Minneapolis Fed President Kashkari revealed that he was one of the 12 FOMC members that believed another rate hike this year would be appropriate, saying “if the economy is fundamentally much stronger than we realised, on the margin that would tell me rates probably have to go a little bit higher and then be held for longer to cool things off”.
Ahead of a likely US government shutdown from 1 October – although there is talk of a possible last-minute short-term spending bill that could kick the can down the road for 4-6 weeks – yesterday ratings agency Moody’s said that “it would underscore the weakness of US institutional and governance strength relative to other Aaa-rated sovereigns. There was no mention of whether it would join S&P or Fitch in downgrading to their lower AA+ rating.
On the datafront, the US Conference Board measure of consumer confidence fell by slightly more than expected to a four-month low of 103.0, driven by a 9.6pt fall in the expectations component, with talk of higher gasoline prices being partly responsible. New home sales fell by a larger than expected 8.7% m/m to a five-month low, although average prices rose.
Weaker risk appetite has driven a broadly stronger USD but net currency moves have been modest, with falls overnight contained to within 0.3% and for the past 24 hours contained to within 0.4%. Of note, the losing streak for CHF has extended into an 11th trading day, the longest since 1975, not helped by the no-change decision by the Swiss National Bank last week. NZD/CHF is up 5% from the record low set mid-August.

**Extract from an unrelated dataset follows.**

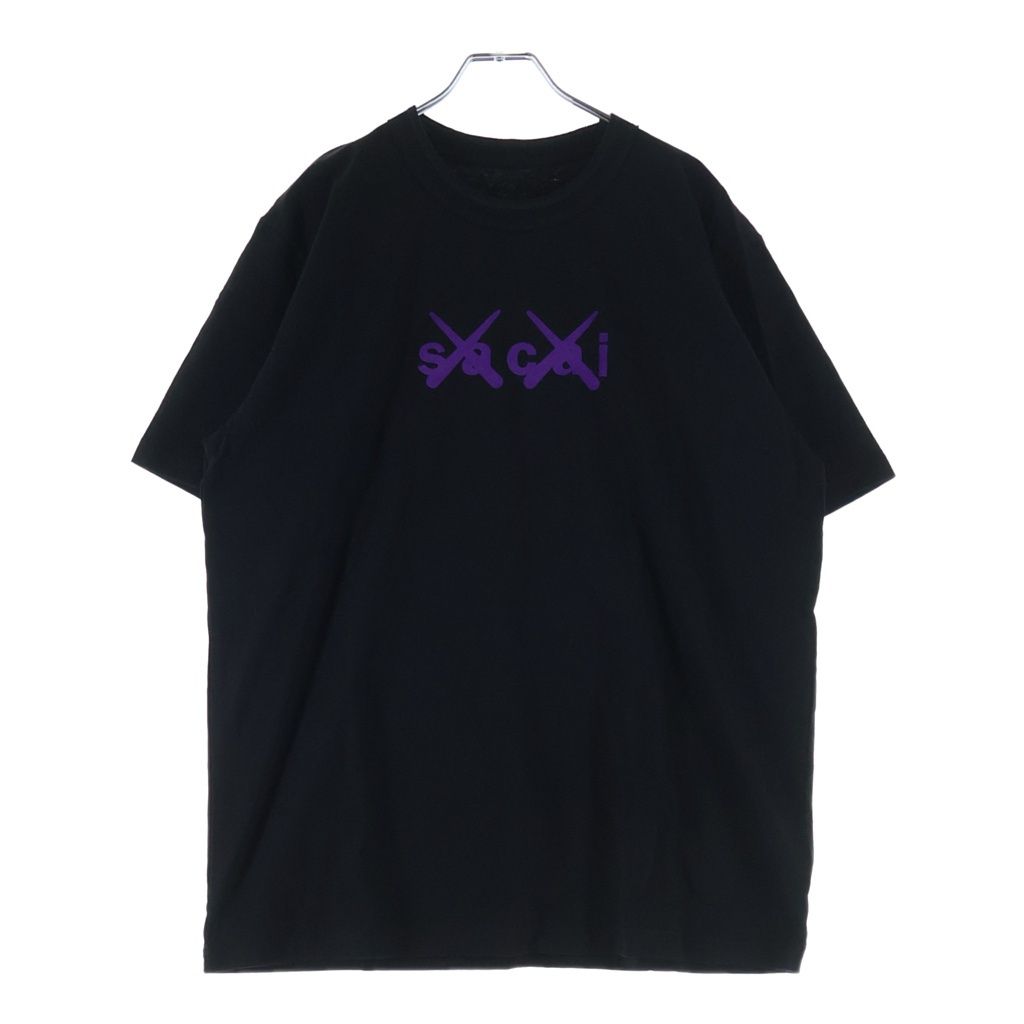 Sacai (サカイ) 21AW ×KAWS FLOCK PRINT T-SHIRT カウズ フロックプリント コットン クルーネックTシャツ カットソー ブラック 21-0288S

GBP remains weak, falling to as low as 1.2160 and seeing NZD/GBP take a peek just over 0.49. EUR is around 1.0570 with NZD/EUR little changed. Despite the weaker risk appetite backdrop both the NZD and AUD have performed no worse than the noted European currencies. NZD is trading down only modestly at 0.5950 while, after a dip below 0.64, the AUD is trading near that mark. NZD/AUD continues to hover just below 0.93.
Higher global rates were responsible for driving NZ rates up to fresh cycle highs. The NZGB curve was higher and steeper, with yields up 5-9bps, and the 10-year rate closing at 5.21%, its highest level since 2011. The swaps curve was also notably steeper, with the 2-year rate up 3bps to 5.70% and the 10-year rate up 10bps to 5.09%.

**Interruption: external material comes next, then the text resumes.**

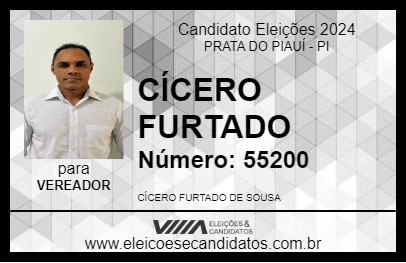 Candidato CÍCERO FURTADO 2024 - PRATA DO PIAUÍ - Eleições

In the day ahead the Australian monthly CPI indicator is released, expected to lift three-tenths to 5.2%. More important will be what the details reveal about services inflation, which is better covered in the August print, and this could well point to upside risk to the RBA’s estimate for the trimmed mean for Q3. Tonight sees the release of US durable goods orders data.